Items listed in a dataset
****************************************
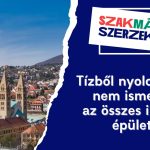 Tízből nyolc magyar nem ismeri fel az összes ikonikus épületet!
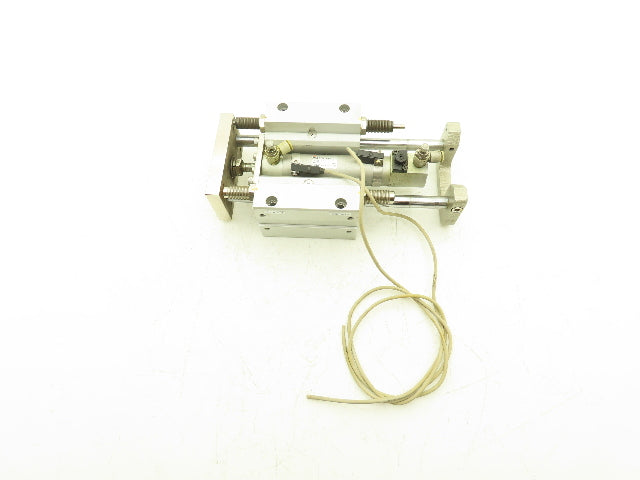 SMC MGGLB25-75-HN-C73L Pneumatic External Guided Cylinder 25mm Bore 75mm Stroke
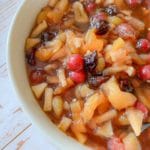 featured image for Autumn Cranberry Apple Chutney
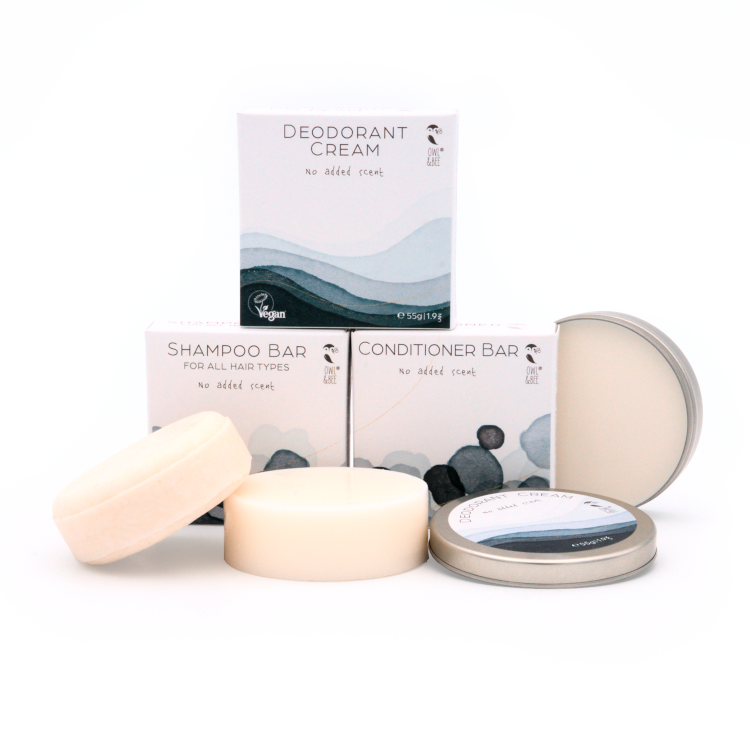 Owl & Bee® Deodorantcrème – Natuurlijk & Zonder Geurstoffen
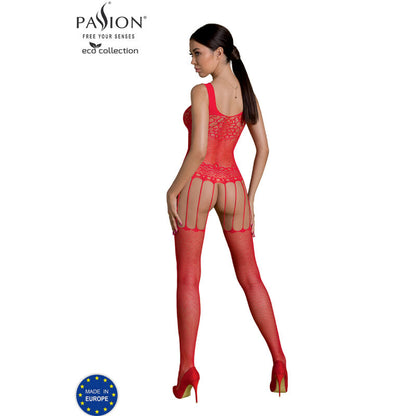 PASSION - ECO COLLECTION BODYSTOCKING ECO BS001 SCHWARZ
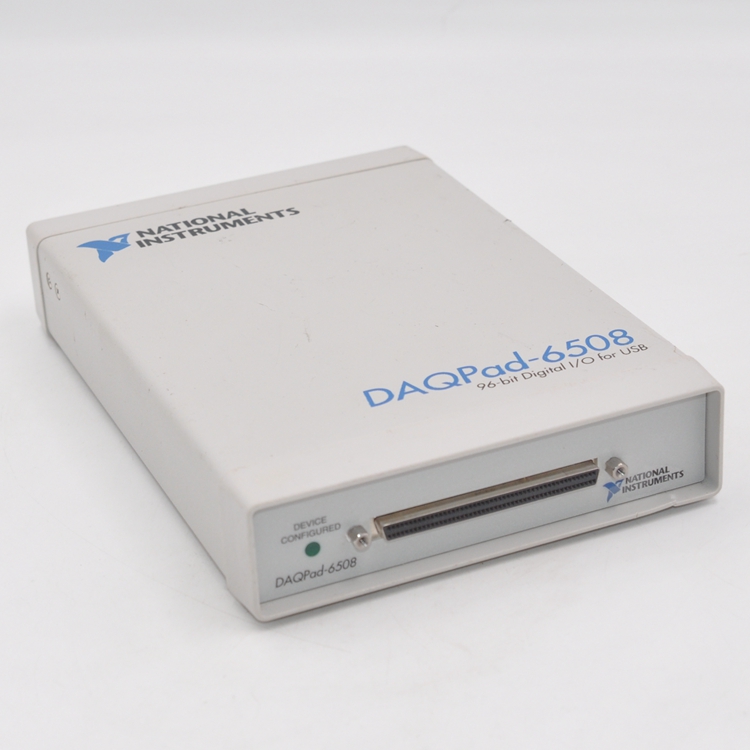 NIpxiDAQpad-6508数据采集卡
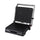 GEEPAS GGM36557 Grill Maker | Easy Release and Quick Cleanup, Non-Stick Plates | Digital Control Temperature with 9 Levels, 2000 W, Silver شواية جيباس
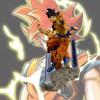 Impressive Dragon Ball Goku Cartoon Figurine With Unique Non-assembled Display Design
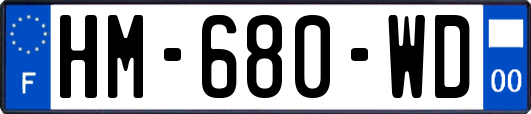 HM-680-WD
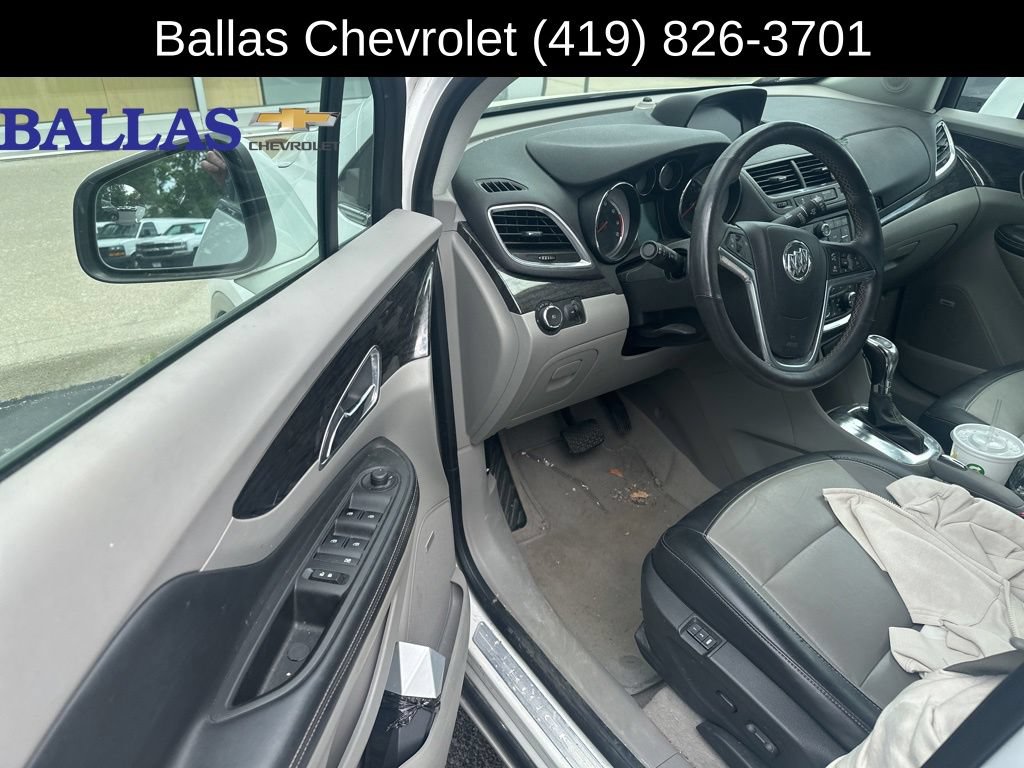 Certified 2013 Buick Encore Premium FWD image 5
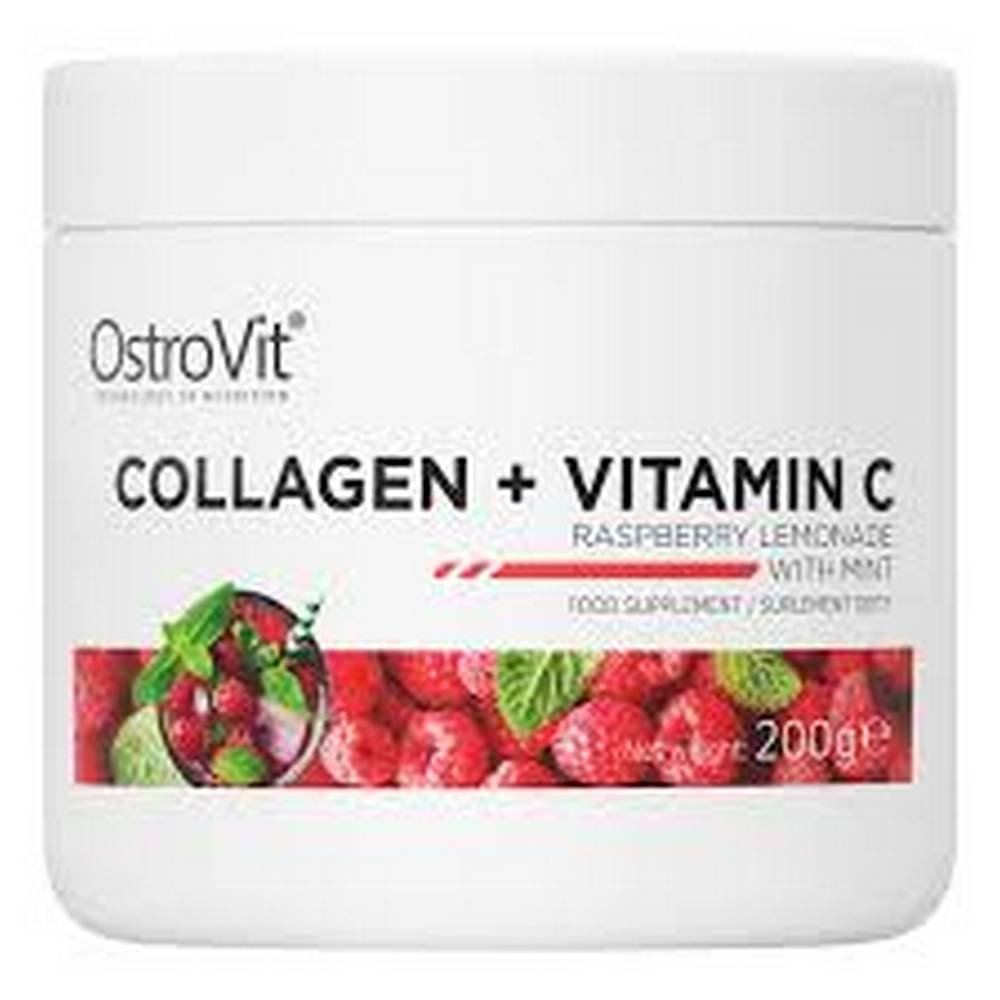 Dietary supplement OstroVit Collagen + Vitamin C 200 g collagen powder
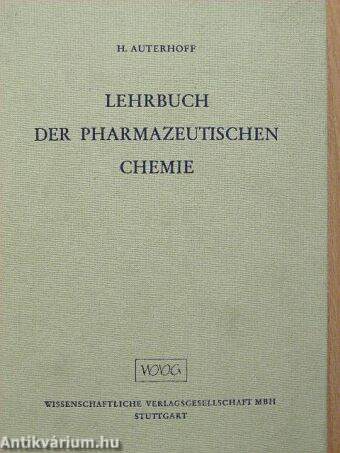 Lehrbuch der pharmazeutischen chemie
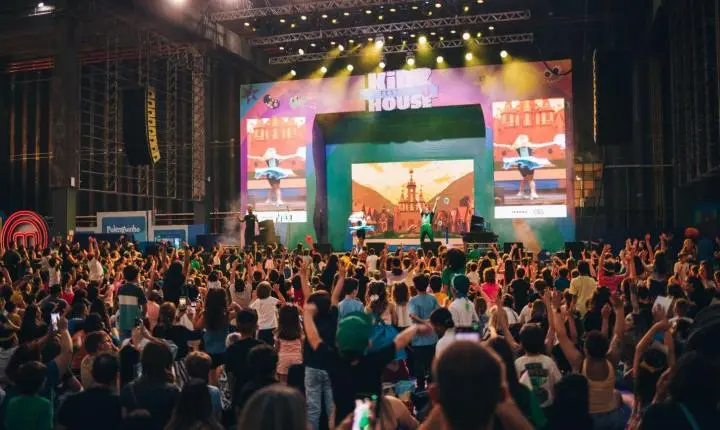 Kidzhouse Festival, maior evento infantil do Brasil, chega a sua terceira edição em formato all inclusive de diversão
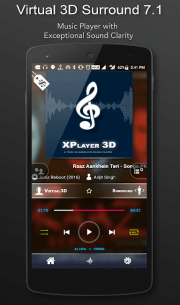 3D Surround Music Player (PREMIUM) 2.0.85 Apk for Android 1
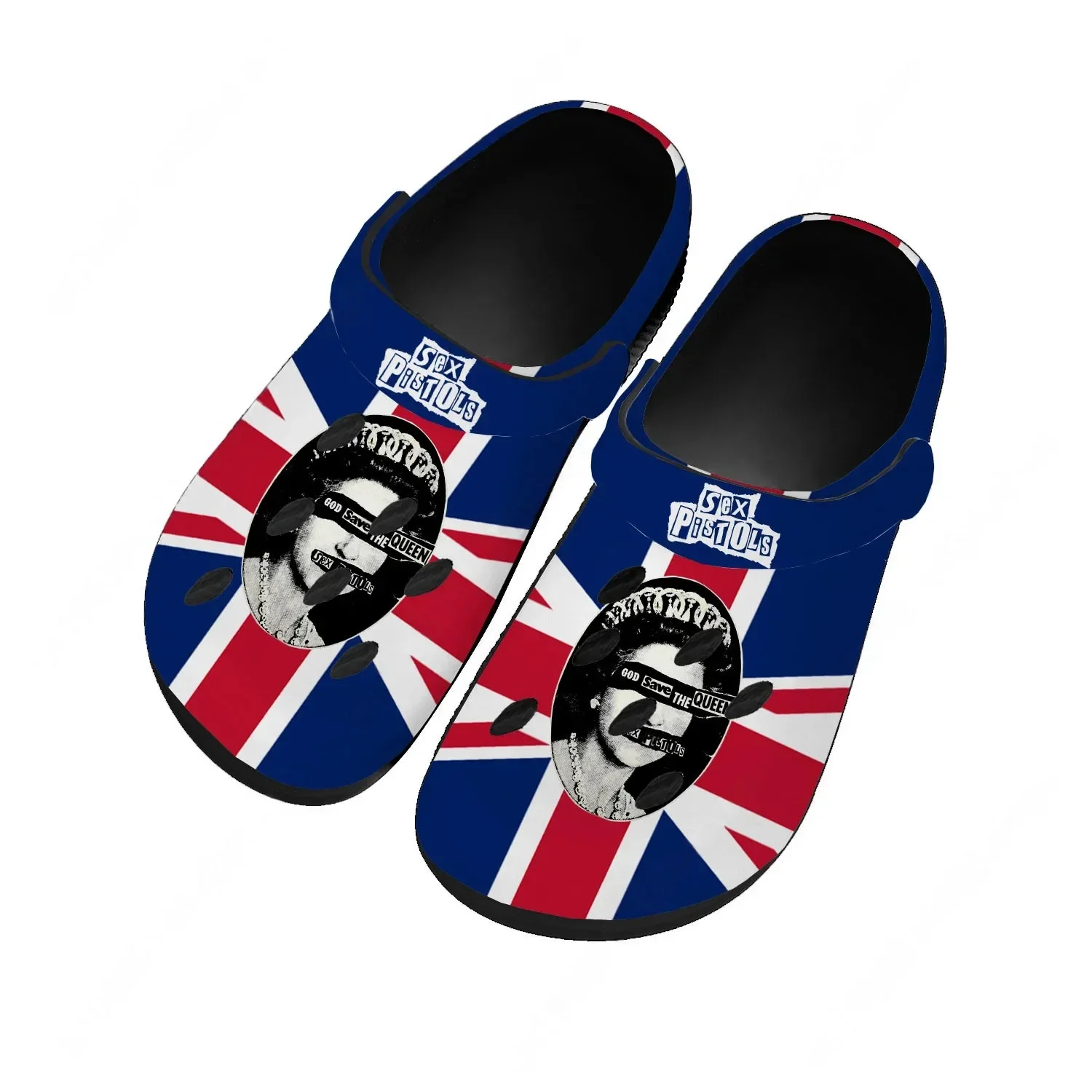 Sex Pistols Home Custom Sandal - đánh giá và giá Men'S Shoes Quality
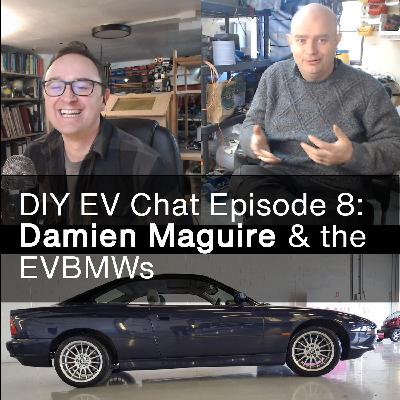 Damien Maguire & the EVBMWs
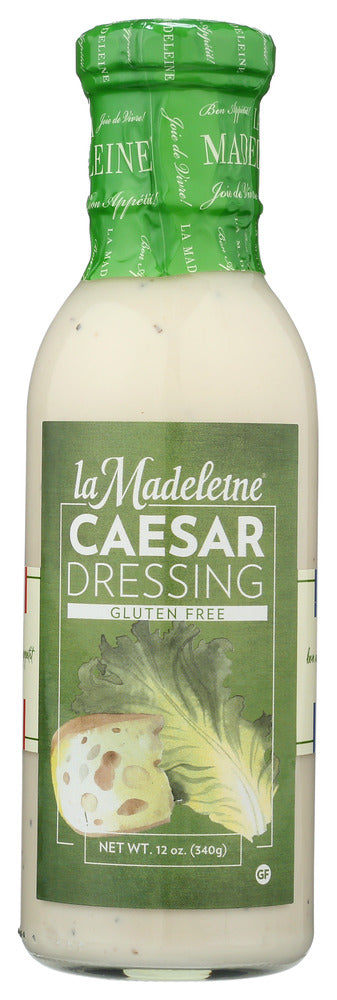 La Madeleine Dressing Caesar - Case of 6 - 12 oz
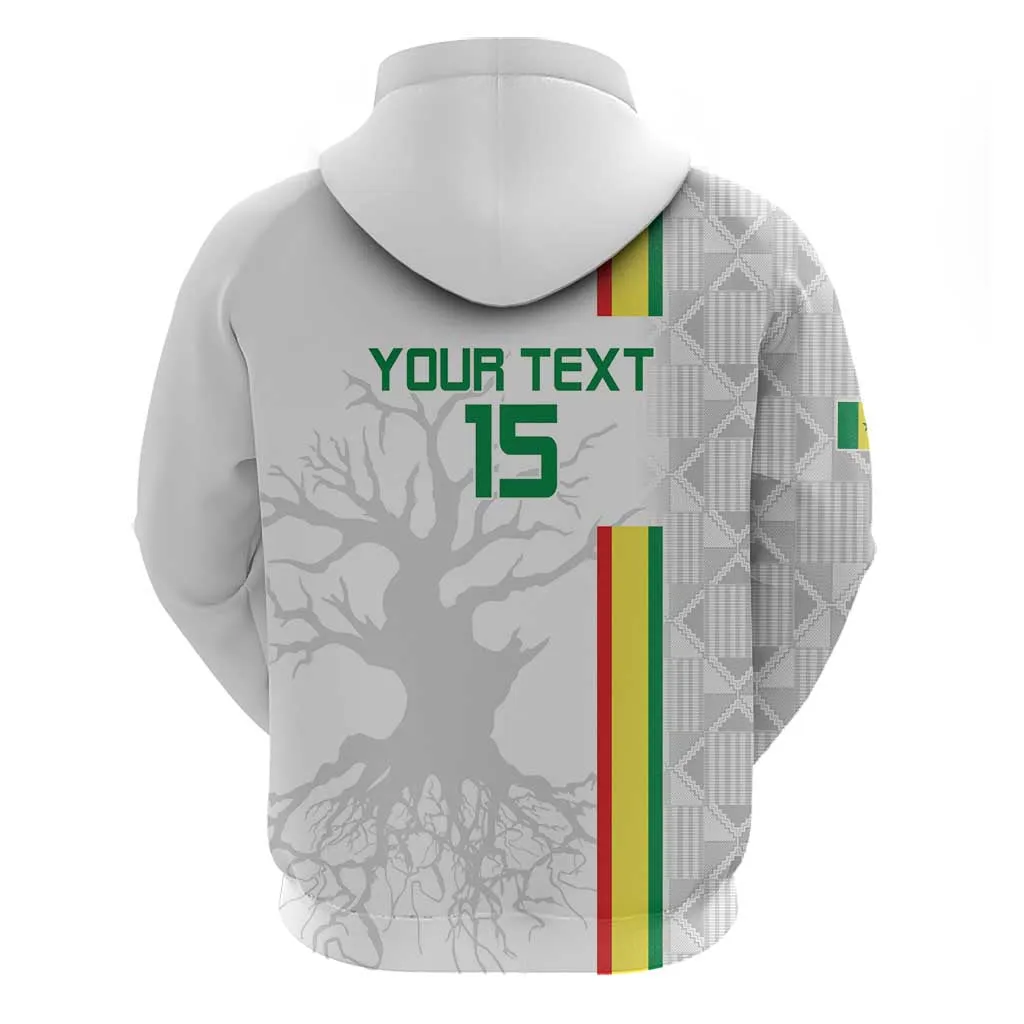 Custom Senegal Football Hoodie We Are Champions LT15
****************************************
• [DIRECTIONS FOR THIS TASK]
Could you repeat the entries word for word, skipping the pictures they contain?

• [TASK RESPONSE]
 Tízből nyolc magyar nem ismeri fel az összes ikonikus épületet!
 SMC MGGLB25-75-HN-C73L Pneumatic External Guided Cylinder 25mm Bore 75mm Stroke
 featured image for Autumn Cranberry Apple Chutney
 Owl & Bee® Deodorantcrème – Natuurlijk & Zonder Geurstoffen
 PASSION - ECO COLLECTION BODYSTOCKING ECO BS001 SCHWARZ
 NIpxiDAQpad-6508数据采集卡
 GEEPAS GGM36557 Grill Maker | Easy Release and Quick Cleanup, Non-Stick Plates | Digital Control Temperature with 9 Levels, 2000 W, Silver شواية جيباس
 Impressive Dragon Ball Goku Cartoon Figurine With Unique Non-assembled Display Design
 HM-680-WD
 Certified 2013 Buick Encore Premium FWD image 5
 Dietary supplement OstroVit Collagen + Vitamin C 200 g collagen powder
 Lehrbuch der pharmazeutischen chemie
 Kidzhouse Festival, maior evento infantil do Brasil, chega a sua terceira edição em formato all inclusive de diversão
 3D Surround Music Player (PREMIUM) 2.0.85 Apk for Android 1
 Sex Pistols Home Custom Sandal - đánh giá và giá Men'S Shoes Quality
 Damien Maguire & the EVBMWs
 La Madeleine Dressing Caesar - Case of 6 - 12 oz
 Custom Senegal Football Hoodie We Are Champions LT15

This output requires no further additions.